### TASK TO CARRY OUT
Every entry below must be retyped exactly, and the pictures must be left out.

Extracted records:
▶

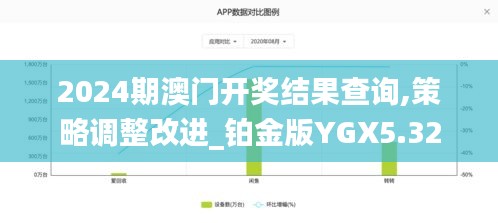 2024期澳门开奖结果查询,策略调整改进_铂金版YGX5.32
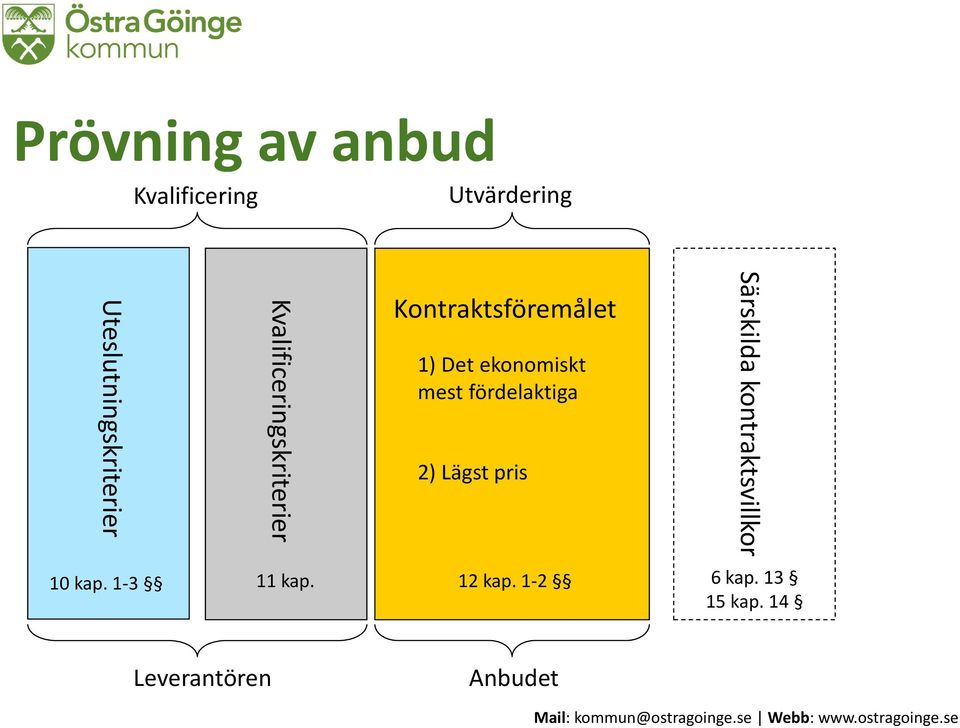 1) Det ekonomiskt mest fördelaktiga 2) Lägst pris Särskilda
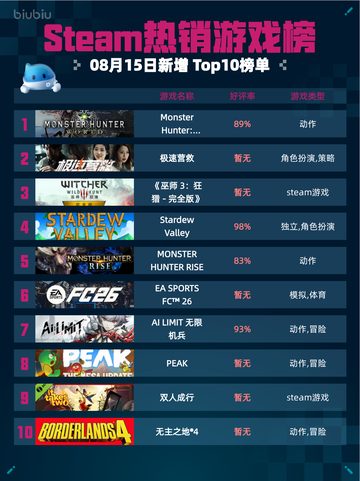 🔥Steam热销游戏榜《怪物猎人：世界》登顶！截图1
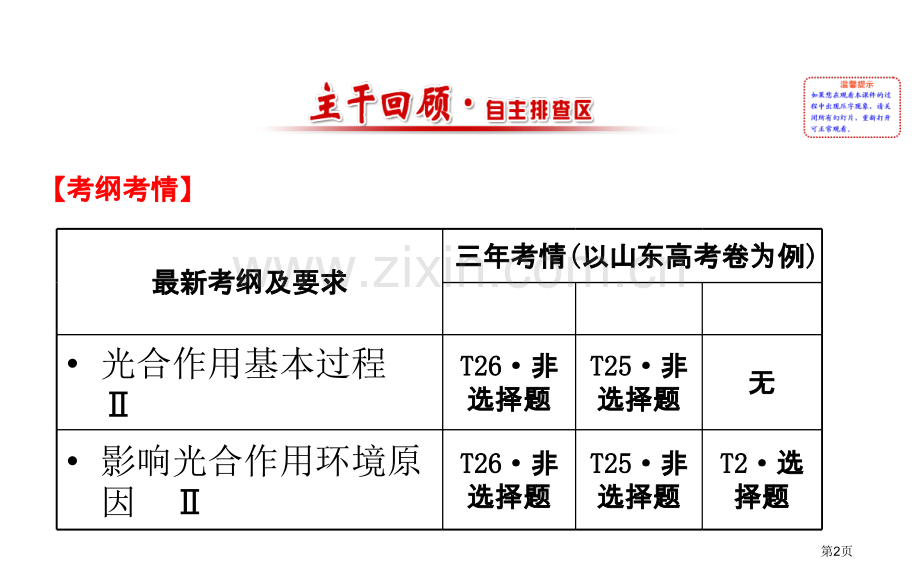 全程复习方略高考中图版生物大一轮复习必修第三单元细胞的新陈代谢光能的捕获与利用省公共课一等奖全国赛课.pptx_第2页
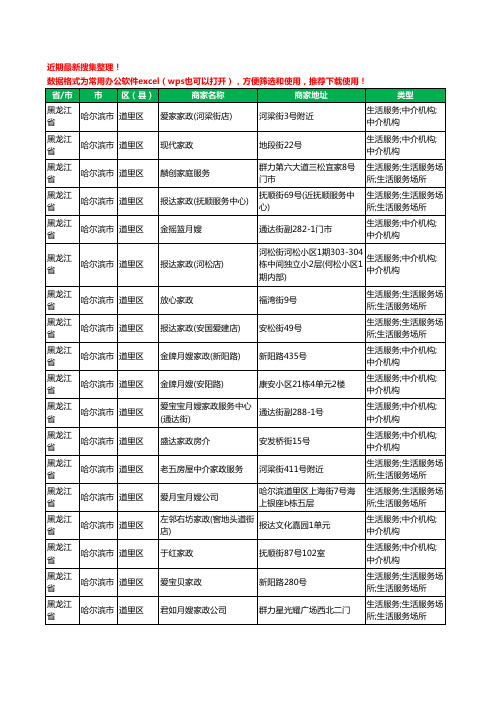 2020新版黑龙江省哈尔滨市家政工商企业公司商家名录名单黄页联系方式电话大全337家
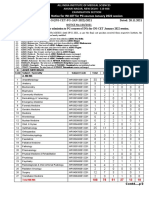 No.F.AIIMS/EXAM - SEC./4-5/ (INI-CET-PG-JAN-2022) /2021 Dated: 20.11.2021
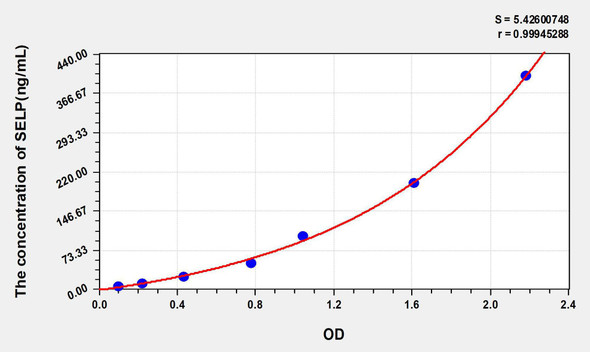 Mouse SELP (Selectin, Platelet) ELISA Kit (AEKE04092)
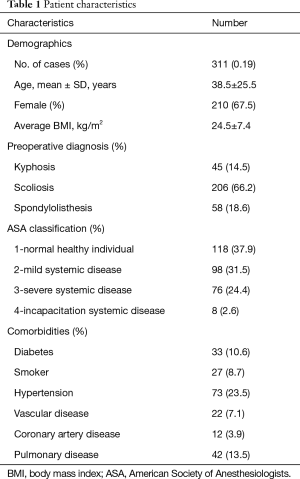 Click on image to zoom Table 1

◀

### RESPONSE TO THE EXERCISE
 2024期澳门开奖结果查询,策略调整改进_铂金版YGX5.32
 1) Det ekonomiskt mest fördelaktiga 2) Lägst pris Särskilda
 🔥Steam热销游戏榜《怪物猎人：世界》登顶！截图1
 全程复习方略高考中图版生物大一轮复习必修第三单元细胞的新陈代谢光能的捕获与利用省公共课一等奖全国赛课.pptx_第2页
 2020新版黑龙江省哈尔滨市家政工商企业公司商家名录名单黄页联系方式电话大全337家
 No.F.AIIMS/EXAM - SEC./4-5/ (INI-CET-PG-JAN-2022) /2021 Dated: 20.11.2021
 Mouse SELP (Selectin, Platelet) ELISA Kit (AEKE04092)
 Click on image to zoom Table 1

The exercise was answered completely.